# Hey Sgt_Slough



## curtisb (Jul 21, 2004)

I'm thinking of building a performance spinning rod. I will be using the Fuji LC guides and planning on throwing plugs and spoons from 1-4oz. I want to see what your opinion on blanks in the 12' range would be. I have thought about the AFAW 12' and the SU1418 Rainshadow(11'9 Breakaway). Do you have any other suggestions on blanks. I figured it's time I put my Emblem 5500 to use and figured I would try my hand at fishing with braid since everyone raves about it. Any help would be appreciated.

CB


----------



## curtisb (Jul 21, 2004)

Ok, he must be busy. Any other of you spinning people have ideas?


----------



## Mark G (Nov 15, 2004)

Lot's of possibilities.

I recently built a RS 1386. 11'6" rated 2-5 oz.

High plains drifter did a video of this rod showing that it could cast a weighted plug 150 yds. with a run of the mill Tica Spinning reel. 

I really have come to like the AFAW line up as well, and I'm sure there are a number of good choices. If your looking for ultimate distance you might need to consider another reel, I think the emblem 5500 might be a bit large for a plugging reel, not sure what it wieghs?

I would suggest you try braid out before commiting to build a custom rod specifically for the purpose. Ultimate design needs to take the reel spool diameter into play, it determines to a certain degree, the ideal placement of the guides.

Before I build a spinning rod I make sure I know the exact reel to be used. You also want to narrow down the weight to be thrown. I tend to think in narrow ranges, if I want to toss a 2 oz lure I may choose a different blank than if I want to throw a 3 oz lure.

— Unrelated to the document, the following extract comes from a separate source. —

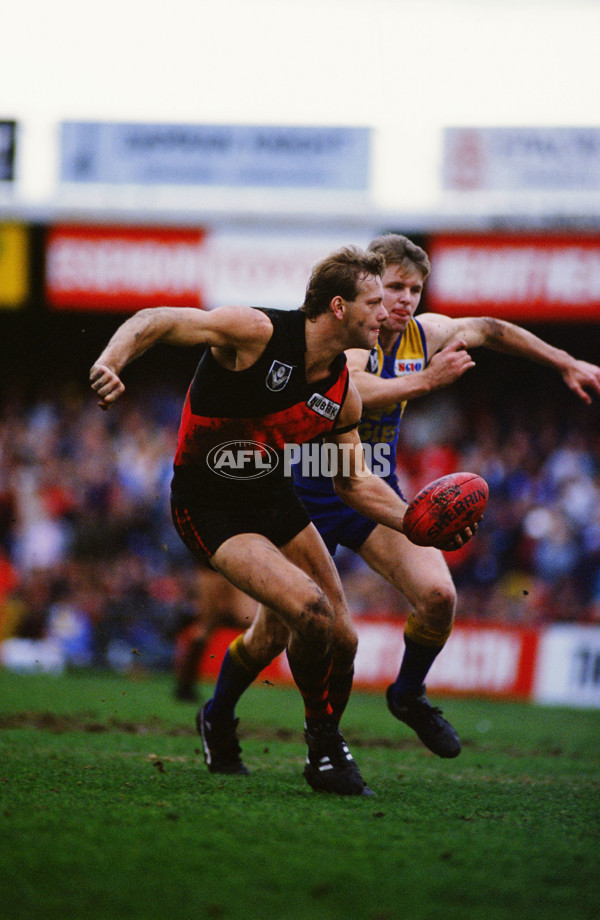 VFL 1980's - West Coast v Essendon - 29825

Hopefully Sarge will see your post, I would defer to him on blank selection.


----------



## HellRhaY (Jul 6, 2007)

SC, emblem weights 23ounces.

with braid and the engineered reels for distance, all you need it to put the first guide at the point of contact between your rod and your reel spool if you extend it.


----------



## Mark G (Nov 15, 2004)

You might also hit a poster that goes by hellrhay up for advice. Search some of his posts, you'll find plenty of pics of high quality spinning reels.

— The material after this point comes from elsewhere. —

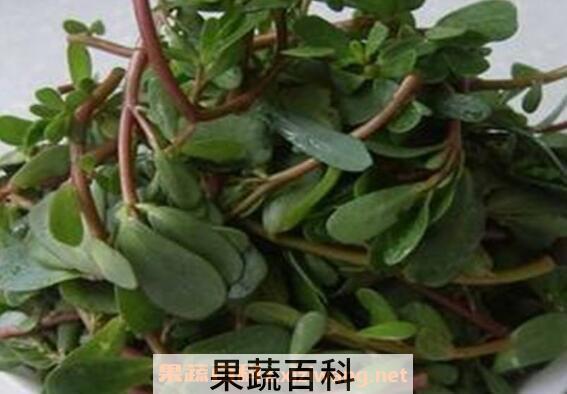  马齿苋的功效与作用 马齿苋哪种人不能吃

Too darn funny here I was thinking where's Hellrhay!


----------



## Mark G (Nov 15, 2004)

HellRhaY said:


> SC, emblem weights 23ounces.
> 
> with braid and the engineered reels for distance, all you need it to put the first guide at the point of contact between your rod and your reel spool if you extend it.



And there he is.

Thanks, new you would have some good insight. I use the new guide concept to place guides, fairly simlar to what you show, but it's been updated recently.


----------



## curtisb (Jul 21, 2004)

Darn this is a whole lot more complicated than building a convetional set up.
Only reason I was going to build instead of buy, is because price is real close and as with building my casting rods I can build it the way I want and not have to be stuck with what someone else thinks is best. For instance, handle length(always to short for me on factory rods).

CB


----------



## curtisb (Jul 21, 2004)

I already got the guide set up from Fuji website on the LC guides. Also on the cheaper spinning rods out there, they all have the standard type guides on them. From what I have read for braid the LC guides are the way to go(plus the before metioned short handle issue). And the reason I have a Emcast 5500 is because when I ordered it a year ago it was sent by mistake(I ordered a 5000). Yeah, your probably right about the reel size, but I didn't want to buy another spinning reel just use what I had.

CB


----------



## ReelinRod (May 29, 2003)

curtisb said:


> I'm thinking of building a performance spinning rod. I will be using the Fuji LC guides and planning on throwing plugs and spoons from 1-4oz.


I haven't really been around since June, I just stop in an lurk from time to time. The boards are not an everyday thing for me anymore.

With LC's Fuji recommends a specific guide space ratio; the first guide (gatherer) is always 120mm from the reel stem. The other spacings are reduced or grown from Fuji's prototypical rod using a formula. The formula is variable for whatever butt length you want. 

As Surf Cat says consider the 1386, should be perfect for your intended payload.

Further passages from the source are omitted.